A security constitution encoding these rules at specification time prevents the agent from emitting failing patterns in the first place.
When this backfires less¶
The recommendations target direct generation of cryptographic implementation code by general-purpose LLMs. They matter less when:
- The agent uses crypto via a vetted SDK such as AWS KMS or Vault rather than implementing it. API-level use is dominated by argument correctness.
- The task is migration or refactoring of audited code, with reference output the agent can match against.
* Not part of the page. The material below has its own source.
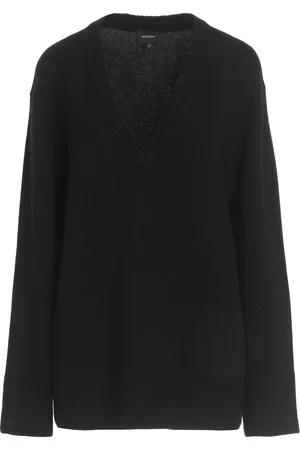 Herskind STRICKWAREN - Pullover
- A constrained-decoding harness restricts output to a fixed grammar of approved API calls.
The failure surface is concentrated where an agent invents algorithm-level code from a natural-language description against a generalist model with no specialized verification.
Example¶
Treat this as a checklist applied to a pull request that adds AEAD encryption.
crypto-pr-checklist:
prompt-discipline:
- prompt-named-exact-crate: true # required: e.g., "aes-gcm 0.10"
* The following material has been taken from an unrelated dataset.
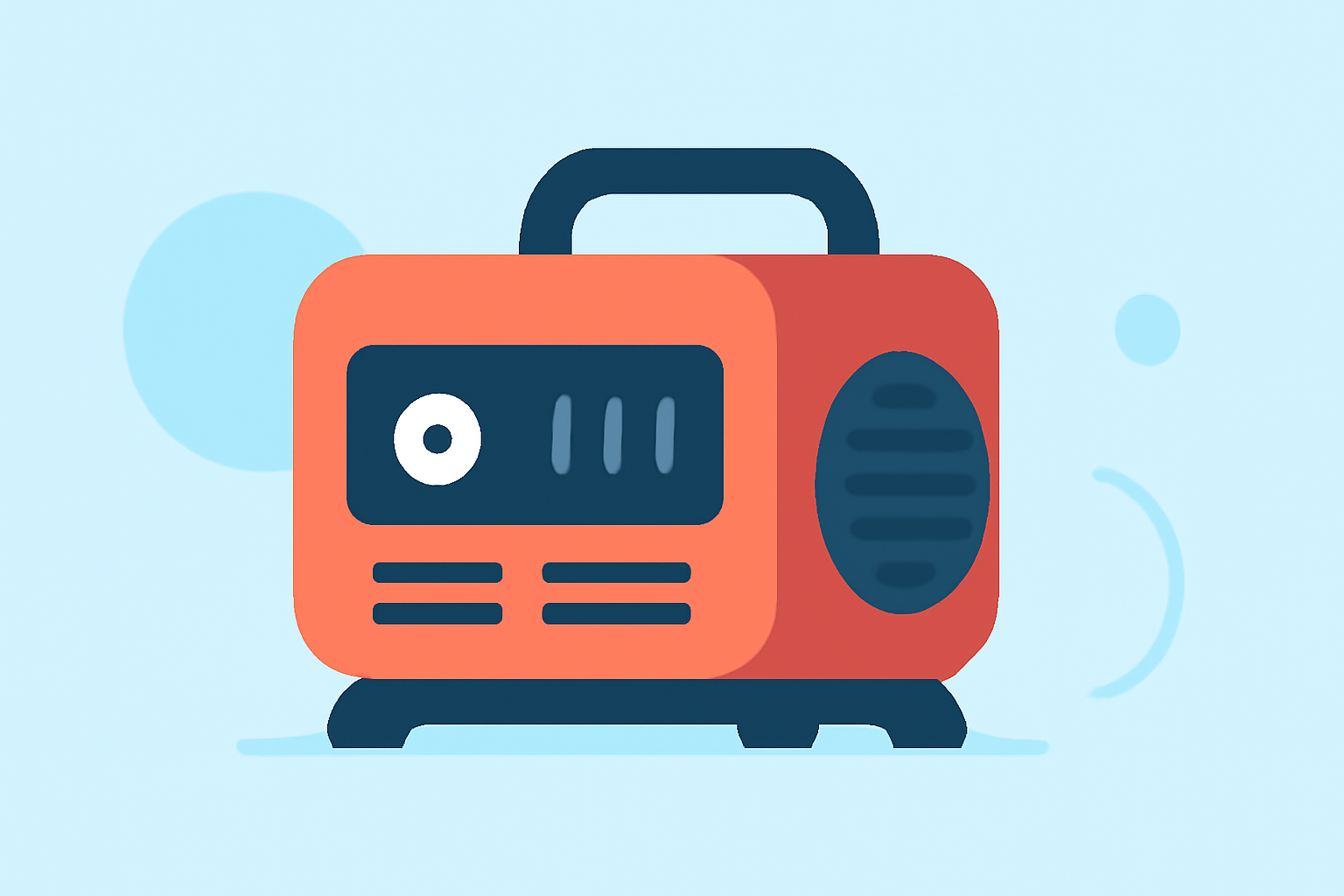 Essential Guide to Hurricane Generator Preparation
- prompt-named-high-level-api: true # required: AeadInPlace::encrypt
- cot-or-reasoning-mode-disabled: true # required for crypto paths
build-gate:
- compiles-cleanly-on-first-try: true # if false, do NOT re-prompt - investigate
crypto-analyzer:
- nonce-uniqueness-rule-passes: true
- aead-tag-verified-on-every-decrypt: true
- kdf-iterations-above-floor: true # e.g., PBKDF2 >= 600,000
- no-raw-block-cipher-use: true
human-review:
- cryptographer-signoff-if-raw-primitives: true
- cryptographer-signoff-if-custom-kdf: true
Any false in the build-gate or crypto-analyzer rows should block merge regardless of test pass rate. The compiles-cleanly-on-first-try flag matters because iterative fix loops accumulate security regressions invisible to functional tests.
Key Takeaways¶
- LLM-generated cryptographic code compiled in only 23.3% of 240 controlled samples; 57% of the compiled code contained crypto-specific vulnerabilities (Elsayed et al., 2026).
- General SAST does not catch crypto invariant violations — pair every crypto code path with a rule-based crypto analyzer.
- Chain-of-thought prompting was ~5× worse than zero-shot for crypto generation; reverse the usual CoT default for these prompts.
- Constrain agents to vetted high-level AEAD APIs and require human cryptographer review for any raw-primitive code.